Opinion
278 A.D. 125 103 N.Y.S.2d 549 In the Matter of WHITE PLAINS HOUSING AUTHORITY, Appellant, v. ZONING BOARD OF APPEALS OF THE CITY OF WHITE PLAINS et al., Respondents. Supreme Court of New York, Second Department. April 2, 1951
APPEAL from an order of the Supreme Court at Special Term (SCHMIDT, J.), entered July 12, 1950, in Westchester County, which dismissed an application by petitioner, in a proceeding under article 78 of the Civil Practice Act for an order annulling a determination of the Zoning Board of Appeals of the City of White Plains which granted permission to respondent Winchester Equities, Inc., to erect a garage building in connection with its nonconforming use, as a gasoline filling station, of premises owned by it and situated opposite petitioner's public housing project. After said Winchester Equities, Inc., had applied to the Zoning Board of Appeals for such a variance and a hearing had been held on December 7, 1949, the City of White Plains repealed the existing zoning ordinance on December 19, 1949, and adopted a new zoning ordinance, effective January 21, 1950, in which said premises of Winchester Equities, Inc., were rezoned from commercial use to residence use. The new zoning ordinance provided that 'The repeal of the above ordinances does not affect or impair any act done, offense committed or right accruing, accrued or acquired, or liability, penalty, forfeiture or punishment incurred prior to the time such repeal takes effect, but the same may be enjoyed, asserted, enforced, prosecuted or inflicted, as full and to the same extent as if such repeal had not been effected.' The Zoning Board of Appeals granted the requested variance on April 10, 1950.
COUNSEL
John J. Dillon for appellant.
William R. Condit, Corporation Counsel (John H. Shetron of counsel), for Zoning Board of Appeals, respondent.

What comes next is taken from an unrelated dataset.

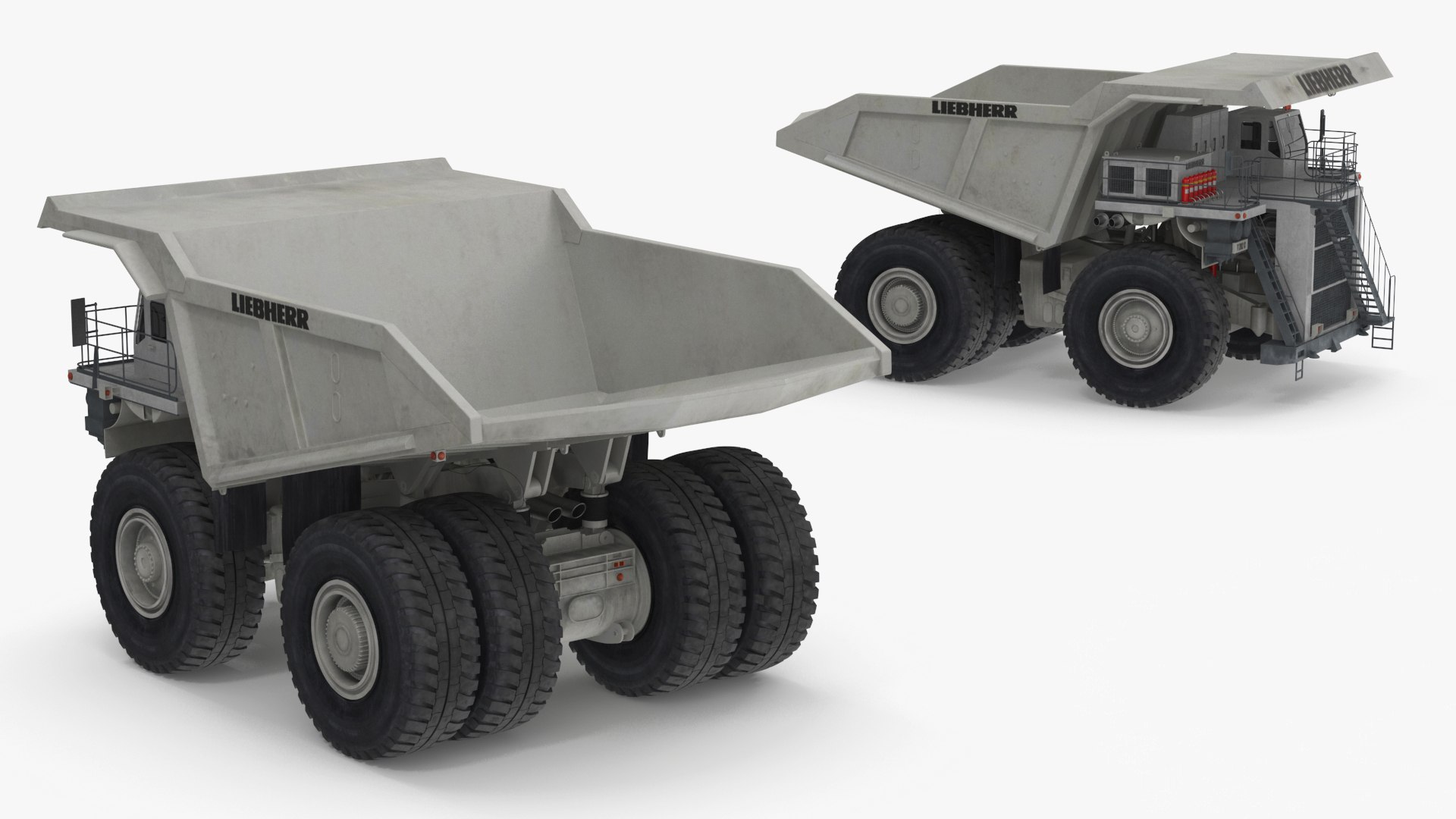 3D Mining Truck Liebherr T 282C - TurboSquid 2205379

Samuel Faile for Winchester Equities, Inc., respondent.
Per Curiam.
The Zoning Board of Appeals has not stated any facts in the resolution authorizing the erection of the garage, and those facts which can be ascertained from the record do not establish that unnecessary hardship or difficulty is imposed upon the owner by the zoning ordinance. (Matter of Otto v. Steinhilber, 282 N.Y. 71.)
The board was bound by the zoning ordinance adopted after the hearing but before the determination. (Matter of Cherry [Isbister], 201 A.D. 856, affd. 234 N.Y. 607.) That ordinance did not provide for the erection of new buildings in nonconforming areas. (§§ 5, 7.) The owner, by filing the application and by the hearing, gained no right, inchoate or vested, which was protected by the saving clause in the new ordinance. (Matter of Atlas v. Dick, 275 A.D. 670, affd. 299 N.Y. 654; Matter of Fox Lane Corp. v. Moore, 216 A.D. 813, affd. 243 N.Y. 550; Rice v. Van Vranken, 225 A.D. 179, affd. 255 N.Y. 541.)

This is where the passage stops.